Dimension of Eigenspace? Given a matrix A
$ A = \begin{bmatrix} 5 & 4 & -1 \\
    4 & 5 & -1 \\
    -4 & -4 & 2 \\  \end{bmatrix} 
$
I have to find out if A is diagonalizable or not. Also I have to write down the eigen spaces and their dimension.
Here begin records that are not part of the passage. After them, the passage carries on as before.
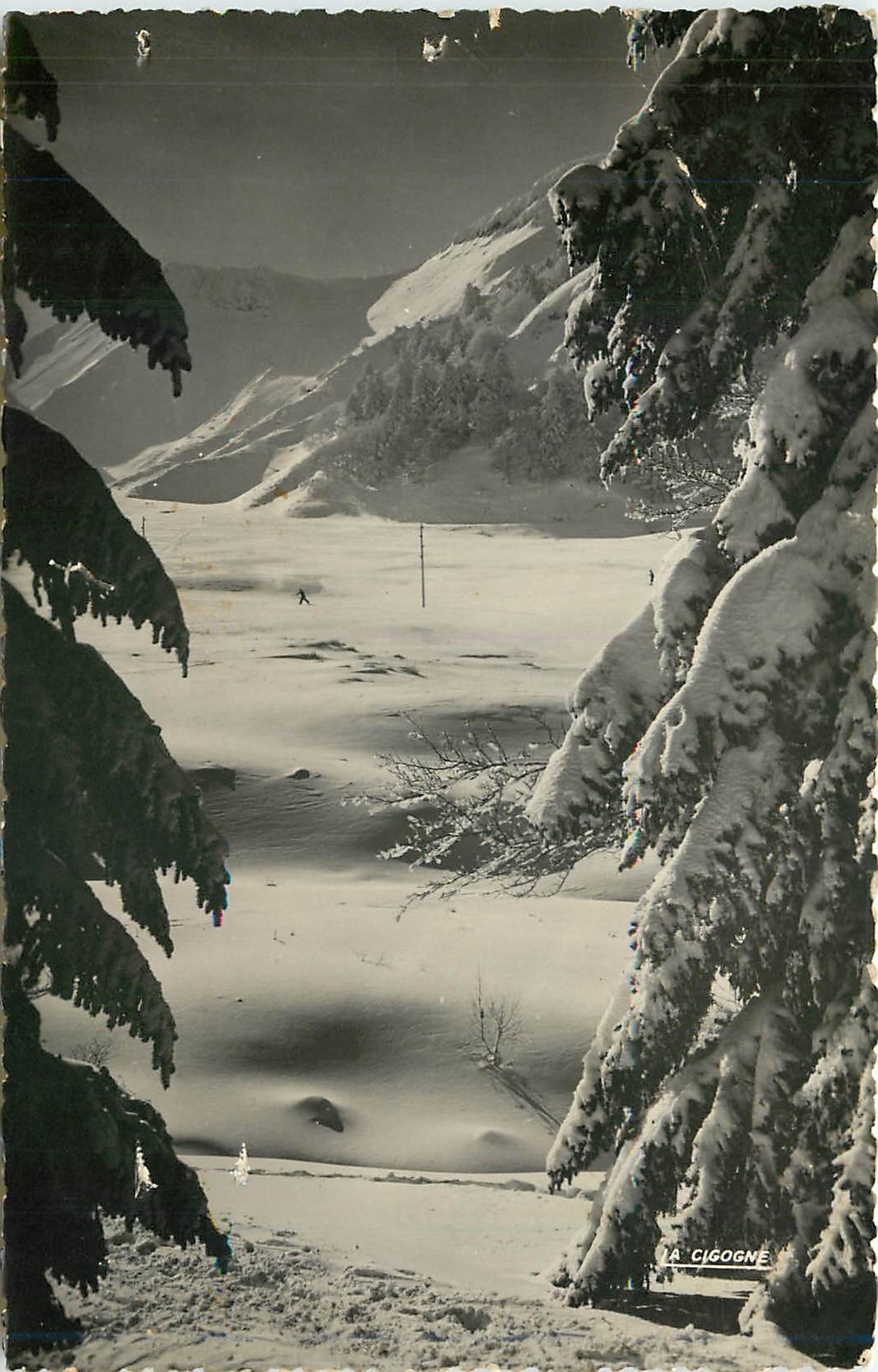 Paysage de neige au Sancy — Le Mont Dore (P.-de-D.) — Édit. « La Cigogne »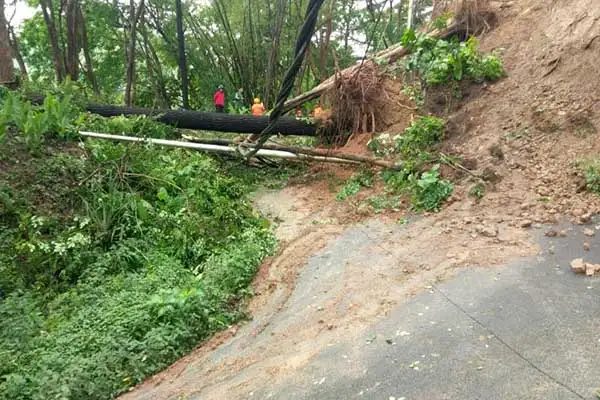 Terkenal Angker, Ini Lokasi Alas Tunggangan Wonogiri Tempat Bus Tersesat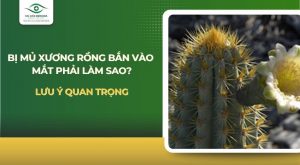 mủ xương rồng bắn vào mắt​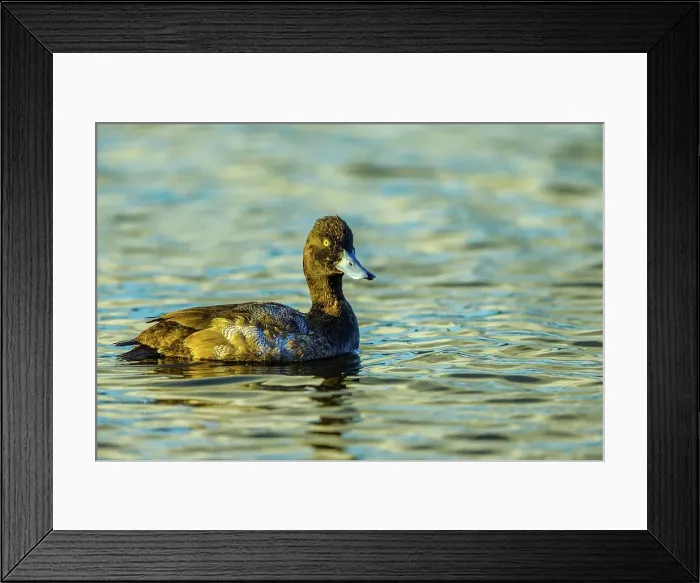 Framed Print : Canada, British Columbia, Vancouver Island Framed Print : Canada, British Columbia, Vancouver Island
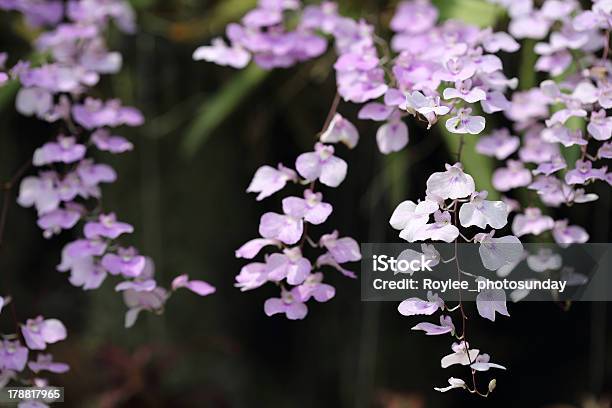 개화 Oncidium 연자주색 0명에 대한 스톡 사진 및 기타 이미지 - 0명, 꽃-꽃의 구조, 꽃-식물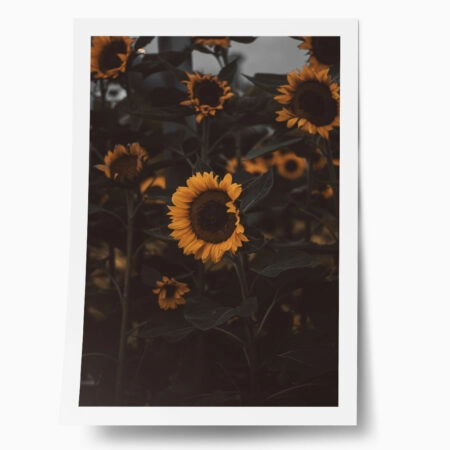 Poster RUSTIC FARMHOUSE SUNFLOWERS 6 -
For eigenvalue, $ \lambda = 1 $ , I found the following equation:
$ x_1 + x_2 - \frac{x_3}{4} = 0 $
Here, I have two free variables. $ x_2 $ and $ x_3 $. I'm not sure but I think the the number of free variables corresponds to the dimension of eigenspace and setting once $ x_2 = 0 $ and then $ x_3 = 0 $ will compute the eigenspace.  
Any detailed explanation would be appreciated.
 A: Set $x_3 = 0$ to get an eigenvector $v_1 = (1, -1, 0)^T$, then set $x_2 = 0$ to get another eigenvector $v_2 = (1, 0 , 4)^T$.  To find the third eigenvalue $t$, write the characteristic polynomial as $$\det(\lambda-AI)  = (\lambda-1)^2 (\lambda - t).$$  Substitute $\lambda = 0$ in the above equation to see that $-\det A = -t$, so
\begin{align}
t =& \det A = (5)(5)(2)+(4)(-1)(-4)+(-1)(4)(-4) \\
&- (-4)(5)(-1) - (-4)(-1)(5) - (2)(4)(4) \\
=& 50 + 16 + 16 - 20 - 20 - 32 = 10
\end{align}
$$(A-10I) \begin{bmatrix}x_1\\x_2\\x_3\end{bmatrix} = \begin{bmatrix} -5 & 4 & -1 \\
    4 & -5 & -1 \\
    -4 & -4 & -8 \\  \end{bmatrix}
\begin{bmatrix}x_1\\x_2\\x_3\end{bmatrix} = 0, \tag{*} \label1$$
$v_3 = (x_1,x_2,x_3) = (1,1,-1)$ solves \eqref{1}, so it's a eigenvector corresponding to eigenvalue $10$.
The eigenspace $E_1 = \mathrm{span}\{v_1,v_2\}$ corresponding to $\lambda = 1$ has dimension $2$; the eigenspace $E_{10} = \mathrm{span}\{v_3\}$ corresponding to $\lambda = 10$ has dimension $1$.
A: Ummm If you can think of only one specific eigenvector for eigenvalue $1,$ with actual numbers, that will be good enough to start with. Call it $(u,v,w).$ It has a dot product of zero with $(4,4,-1.)$  We would like a second one. So, take second eigenvector $(4,4,-1) \times (u,v,w)$ using traditional cross product.